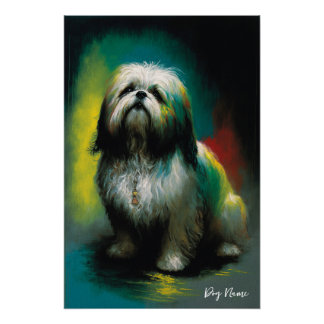 The Shih Tzu Dog - Composition 001 Perfect Poster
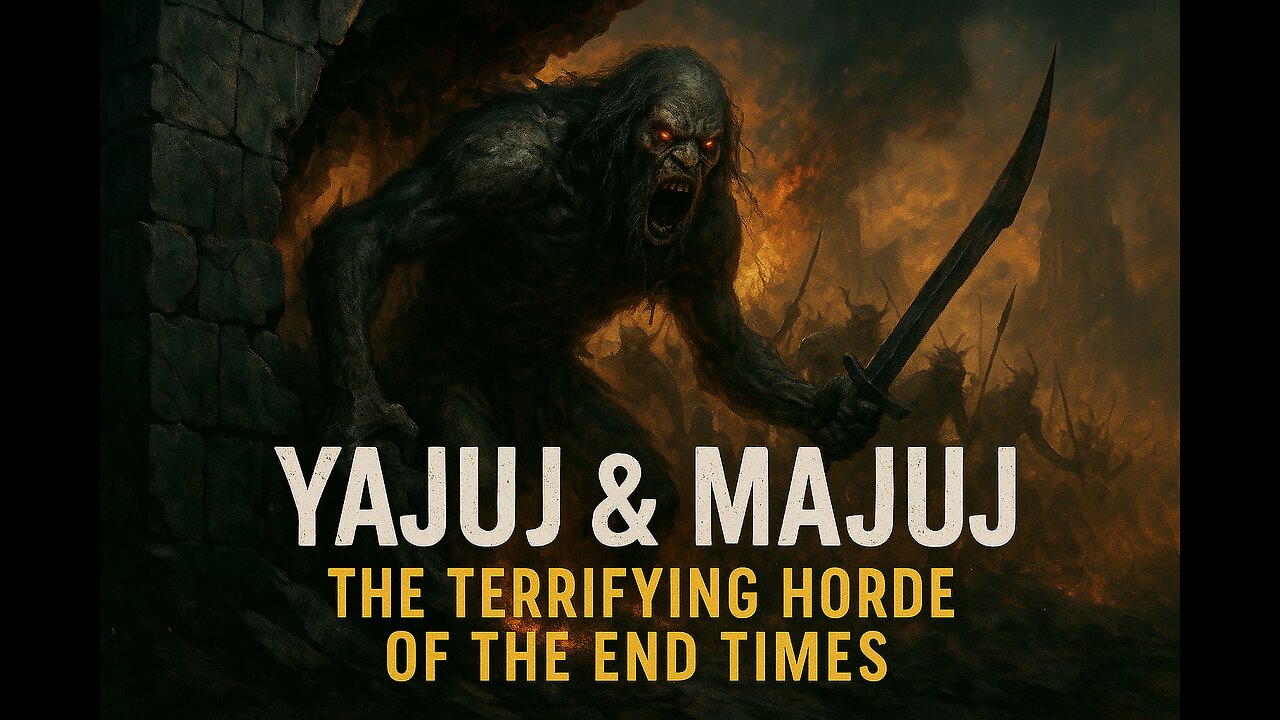Yajuj & Majuj 😱 The Terrifying Horde of the End Times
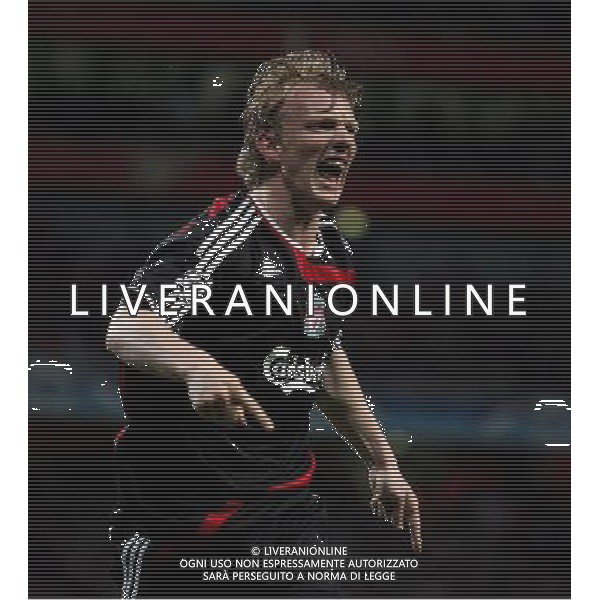 Dirk Kuyt of Liverpool celebrates his gol, 1-1 Arsenal v Liverpool, Quarter Final Champions League, First Leg, The Emirates Stadium, London, Date 02/04/2008, Picture by Ian Kington (IPS PHOTO AGENCY)/Ag. Aldo Liverani Sas - ONLY ITALY - EDITORIAL USE ONLY - 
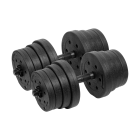 Regulējamas bitumena hanteles Rebel Active, 2 x 15 kg, RBA-2328-15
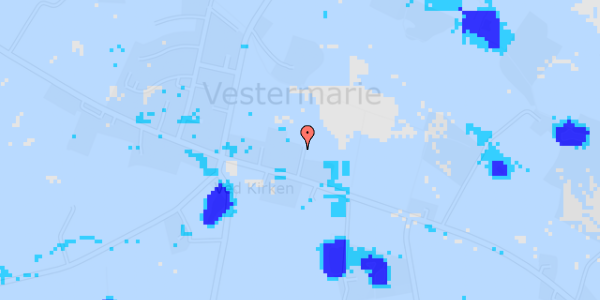 Ekstrem regn på Vestermarievej 55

EXERCISE PROMPT:
Leave every image out when you return the material above word for word.

THE COMPLETED TASK:
 The Shih Tzu Dog - Composition 001 Perfect Poster
Yajuj & Majuj 😱 The Terrifying Horde of the End Times
 Dirk Kuyt of Liverpool celebrates his gol, 1-1 Arsenal v Liverpool, Quarter Final Champions League, First Leg, The Emirates Stadium, London, Date 02/04/2008, Picture by Ian Kington (IPS PHOTO AGENCY)/Ag. Aldo Liverani Sas - ONLY ITALY - EDITORIAL USE ONLY - 
 Regulējamas bitumena hanteles Rebel Active, 2 x 15 kg, RBA-2328-15
 Ekstrem regn på Vestermarievej 55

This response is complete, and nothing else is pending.